If the safety of your fleet is a top priority, it’s imperative to change the driver issues that are causing all these accidents. But where do you start? Continue reading to find out.
Start by identifying high-risk drivers
If you only have three vehicles in your fleet, you will already know which one of the three drivers is a higher risk than the others. If you have 300 vehicles, things are much more complex. Work methodically. Start by checking all the drivers’ accident histories. Also, check every vehicle record. This will help to identify those drivers who have been involved in the highest number of accidents or who have abnormally high numbers of traffic violations on their record.
Classify these drivers into risk categories
Let’s say that, after studying all the vehicle and driver records, a list of 40 drivers who have an above-average number of infractions on their record emerges. That does not mean they are all in the same risk category. The next step is to classify them into risk groups.
At the bottom would be those with one or two equipment violations. The next group could be those with three or four violations, including breaking traffic rules. In an even higher risk group could be those with more than four violations, including serious speeding and other moving violations.
Right at the top should be those who have committed serious offenses like driving under the influence, ignoring stop signs or traffic lights, or exceeding the speed limit by more than 25mph.
Train and re-train problem drivers
Once it becomes clear who the high-risk drivers are and where the problem areas lie, the next step is corrective training. Whether this happens online, behind the wheel, or in a classroom, it should specifically focus on eliminating problem areas.
Some issues can easily be fixed by making sure the drivers in question get a refresher course that covers topics such as following distances, the dangers of speeding, driving in bad weather, etc. In other cases, the driver might have to be monitored behind the wheel to pinpoint and eliminate bad driving habits.
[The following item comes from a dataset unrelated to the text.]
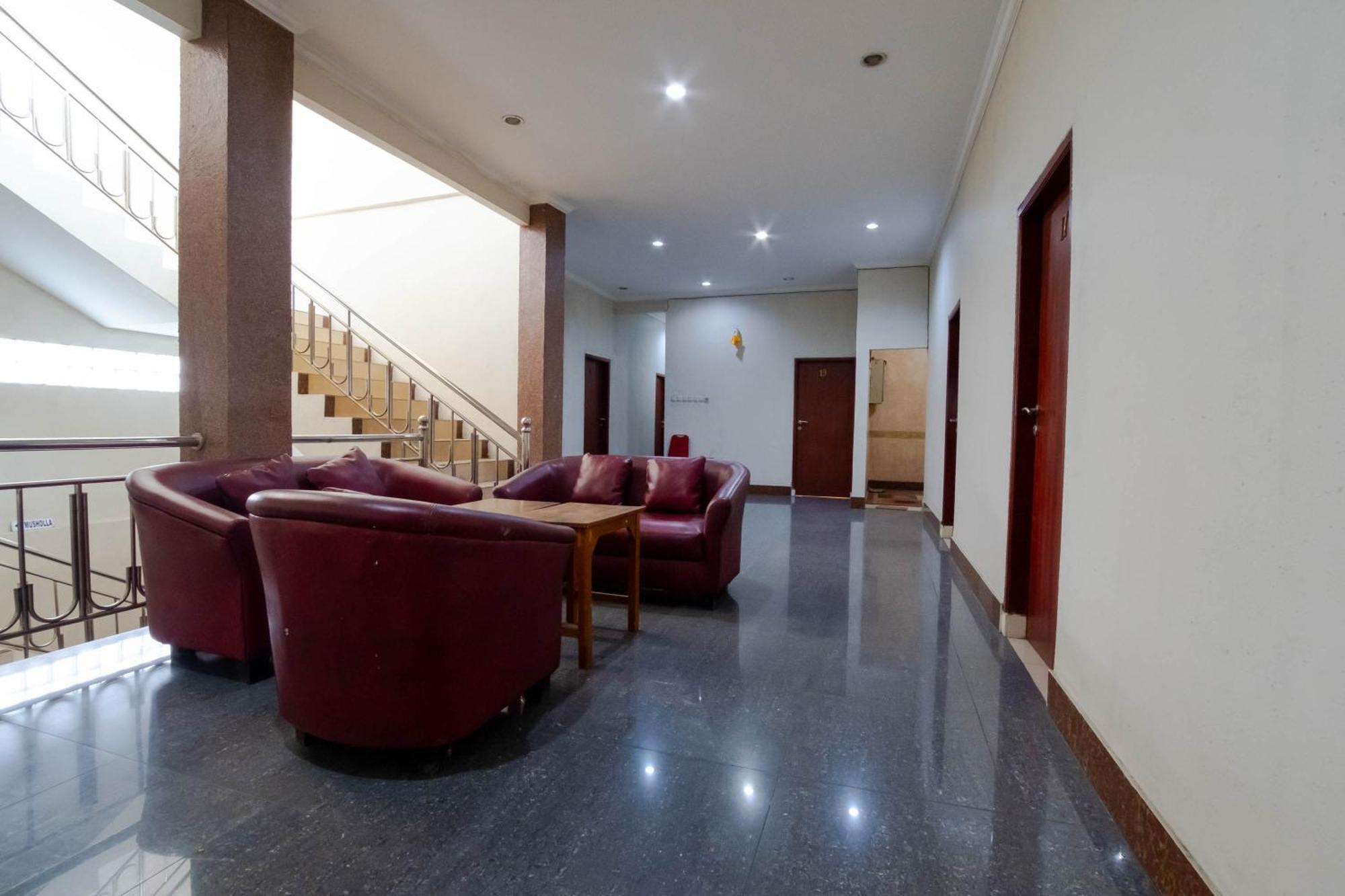 Nusa Indah Syariah Hotel Bandara By Abdihome Тангеранг Экстерьер фото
Create a culture of safe driving in your firm
While a once-off ‘drive safely’ campaign might be useful, in the long run, more will be needed. To keep the issue of safe driving on your drivers’ minds, consider doing the following:
Involve managers. Managers are in closer contact with drivers than the top management team. Start by making sure safe driving is one of their top priorities and request them to regularly stress the importance of this whenever they are in contact with drivers.
Safety meetings. Safe driving is important enough to warrant a regular meeting where you, for example, get someone from outside the firm to give a talk on this topic. It will also go a long way to keep safe driving on everyone’s mind.
Memos, emails, and newsletters. On their own, these are not enough. But when used as part of an ongoing safe driving campaign, they can help to keep the message alive. If one of your drivers, for example, celebrates 10 violation-free years, use one or more of these to make sure everyone knows about it.